Even though the doors were locked promptly at 5 p.m. at the office that issues marriage licenses, County Clerk David Orr told FOX 32 News he was sending an employee to the North Side condo of Vernita Gray and Patricia Ewert, a lesbian couple whose lawyers won an extraordinary order in Federal Court.

Ms. Gray has been diagnosed with terminal cancer. Doctors say she may be dead long before the June 1st date on which gay marriage becomes legal in Illinois. Marital status could affect estate taxes, social security survivor's benefits and other financial issues, and the couple sought emergency permission to marry now.

Gray said she wants to wed Patricia Ewert, perhaps this week, to assure that her fiancée will get full marital benefits after her death.

"I have a pension. I have Social Security," Gray said. "These are the things we work for in life for our families, not to just disappear because I'm going to leave this earth."

State Attorney General Lisa Madigan filed a brief arguing that the June 1 date "is outweighed here by the urgent circumstances presented in this case."

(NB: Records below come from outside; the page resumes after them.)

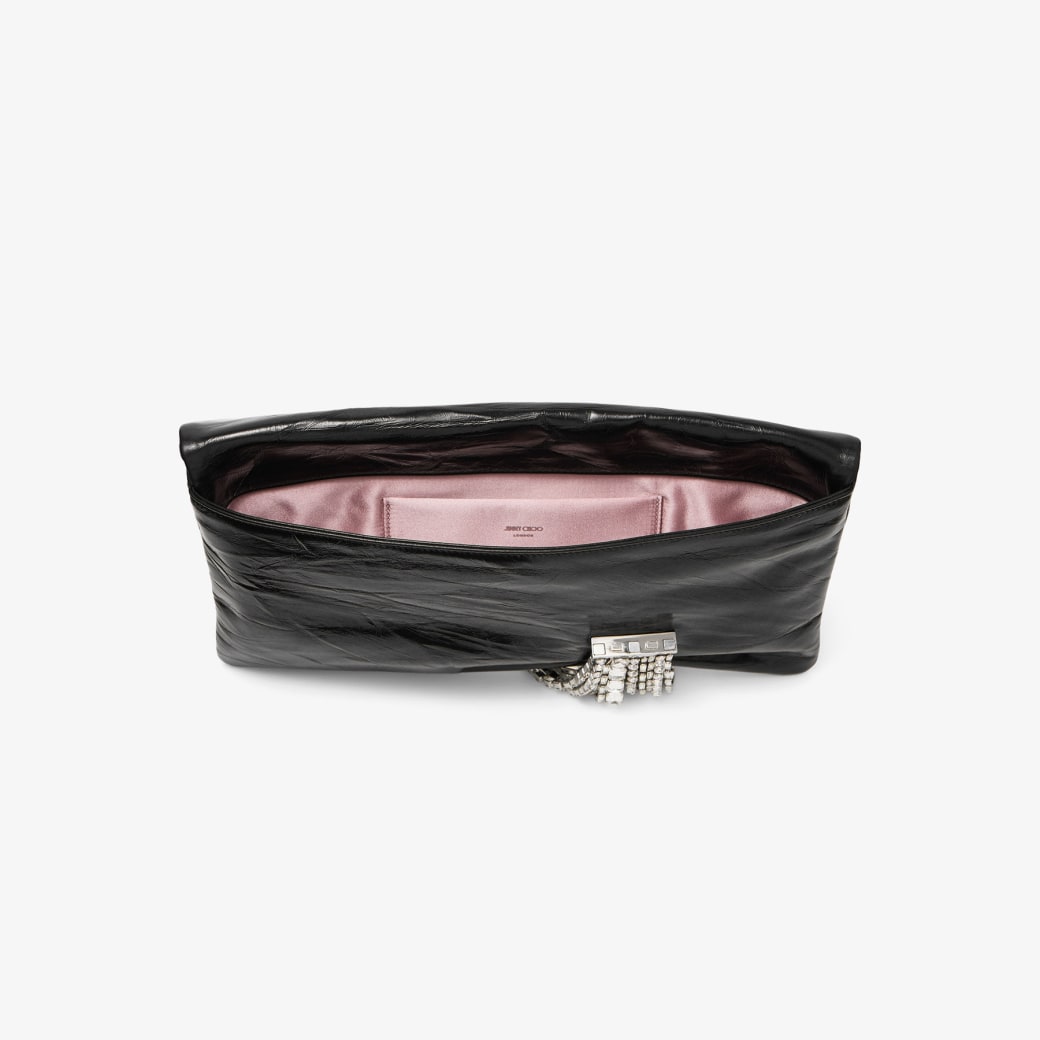 JIMMY CHOO BAG - BEYMEN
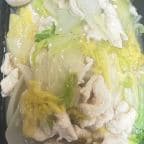 Best 鸡炒面 Chicken Chow Mein in Winterville, NC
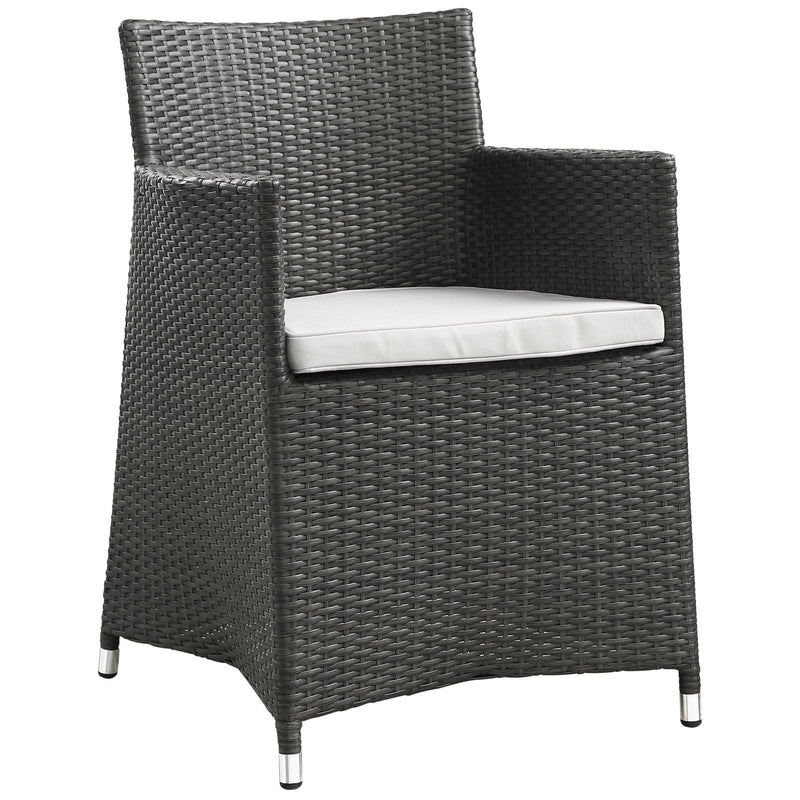 Jaiden 7 Piece Outdoor Patio Dining Set
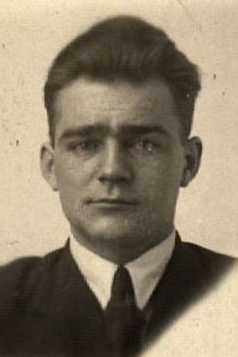 Никифоров Олег Александрович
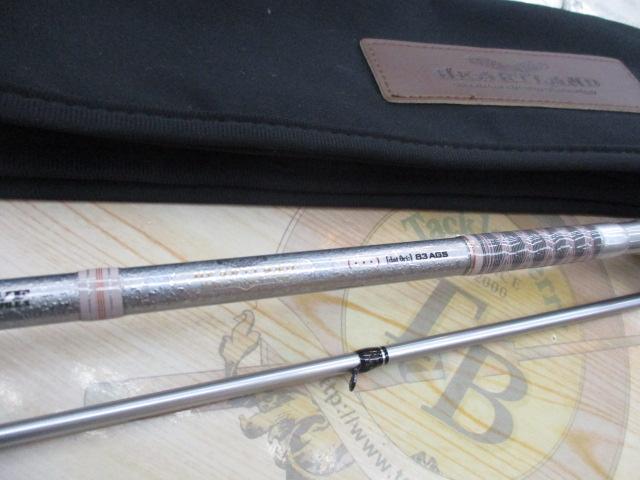 ハートランド HL832MSB-SV AGS21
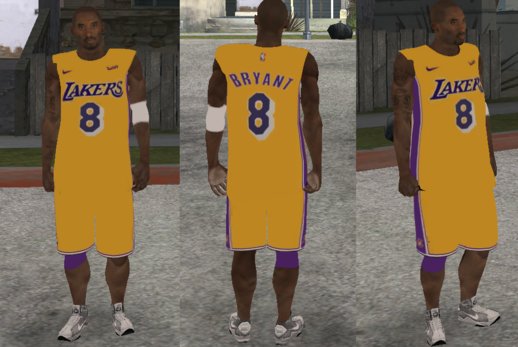 Kobe Bryant (Lakers)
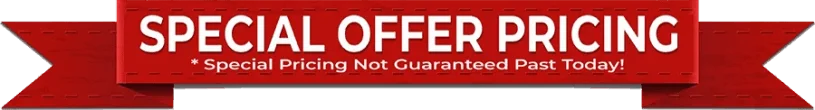 Dentitox Pro offer badge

A spokeswoman for the County Clerk said the office "once or twice a month" takes special steps to accommodate heterosexual couples facing extreme circumstances. The clerk's office calls them "hospital cases."

"In dire circumstances, when somebody is facing an illness or even members of our military who are being deployed, we try to expedite the marriage licenses, so that people can marry before the event." Courtney Greve of the County Clerk's Office explains.

Aside from the tragic circumstances here, the case does play neatly into the political strategy of same-sex marriage advocates who want the General Assembly to revisit the issue in early January--and legalize it immediately, instead of requiring gay couples to wait until June 1st.

The couple's lawyer says it's possible they could be married as soon as Wednesday.